**Work to complete**
With the pictures removed, please write out every line below exactly as given.

Input START

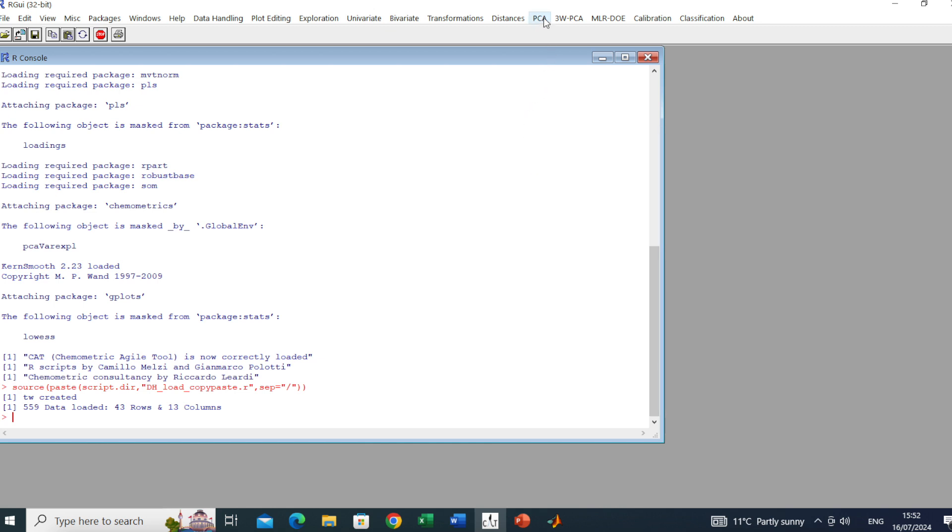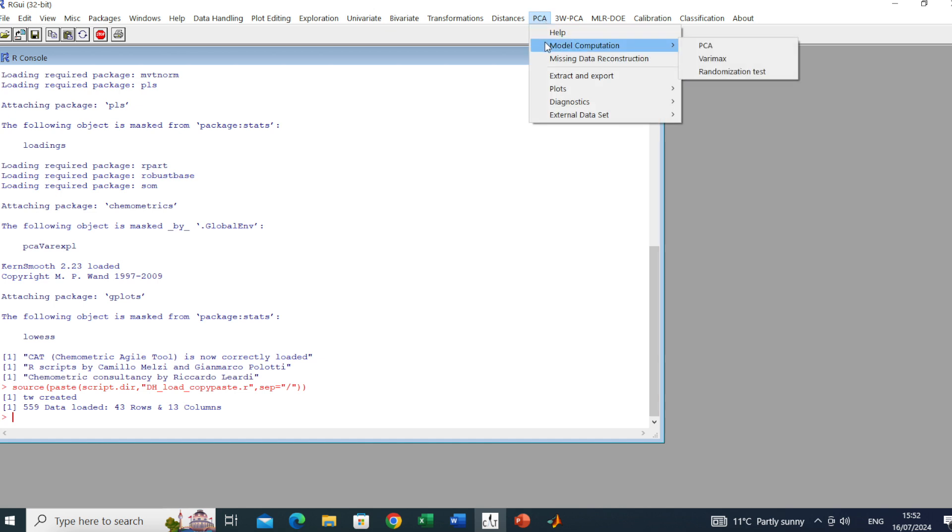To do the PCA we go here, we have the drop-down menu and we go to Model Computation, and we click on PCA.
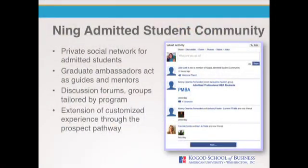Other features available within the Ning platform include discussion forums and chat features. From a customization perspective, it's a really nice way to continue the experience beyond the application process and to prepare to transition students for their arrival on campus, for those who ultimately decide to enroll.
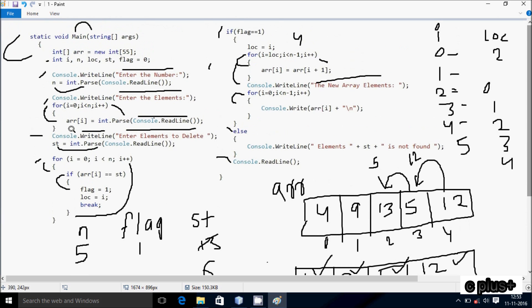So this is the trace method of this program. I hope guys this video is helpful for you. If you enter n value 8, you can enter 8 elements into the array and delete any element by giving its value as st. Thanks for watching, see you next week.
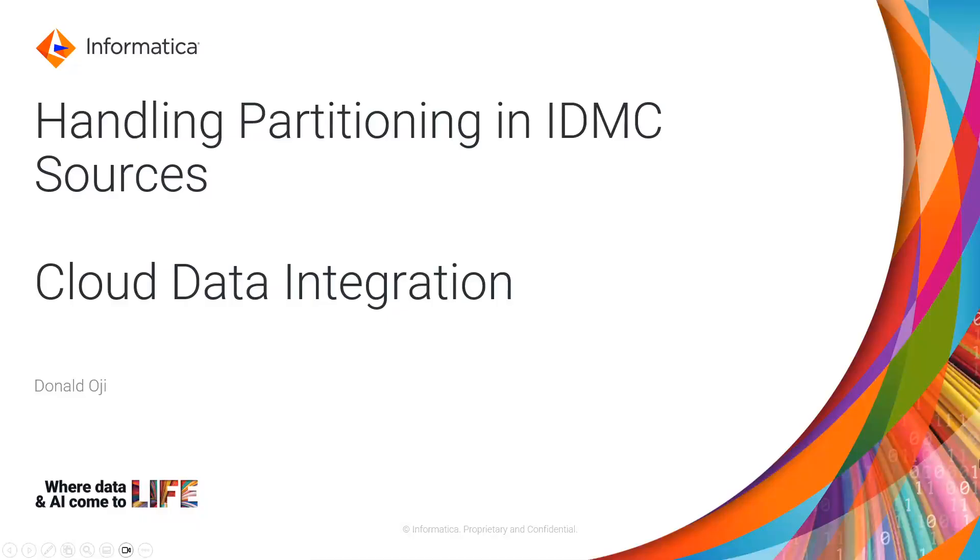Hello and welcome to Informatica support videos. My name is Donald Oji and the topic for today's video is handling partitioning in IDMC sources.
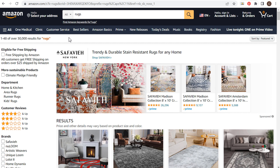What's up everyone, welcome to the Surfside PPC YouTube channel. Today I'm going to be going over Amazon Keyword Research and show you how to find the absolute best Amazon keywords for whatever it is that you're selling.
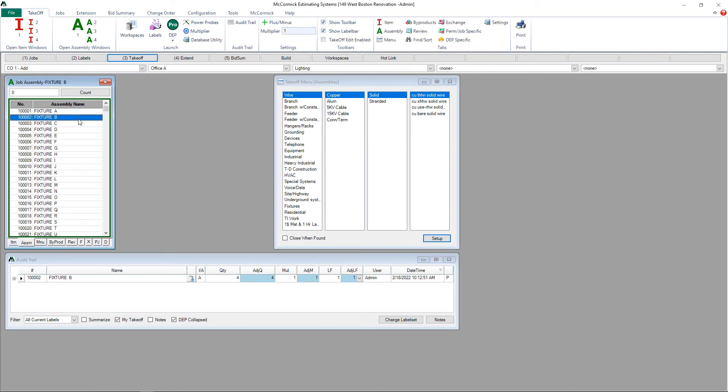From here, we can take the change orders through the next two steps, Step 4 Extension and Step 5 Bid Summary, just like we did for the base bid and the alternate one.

Input END

**Answer for this exercise**
To do the PCA we go here, we have the drop-down menu and we go to Model Computation, and we click on PCA.
Other features available within the Ning platform include discussion forums and chat features. From a customization perspective, it's a really nice way to continue the experience beyond the application process and to prepare to transition students for their arrival on campus, for those who ultimately decide to enroll.
So this is the trace method of this program. I hope guys this video is helpful for you. If you enter n value 8, you can enter 8 elements into the array and delete any element by giving its value as st. Thanks for watching, see you next week.
Hello and welcome to Informatica support videos. My name is Donald Oji and the topic for today's video is handling partitioning in IDMC sources.
What's up everyone, welcome to the Surfside PPC YouTube channel. Today I'm going to be going over Amazon Keyword Research and show you how to find the absolute best Amazon keywords for whatever it is that you're selling.
From here, we can take the change orders through the next two steps, Step 4 Extension and Step 5 Bid Summary, just like we did for the base bid and the alternate one.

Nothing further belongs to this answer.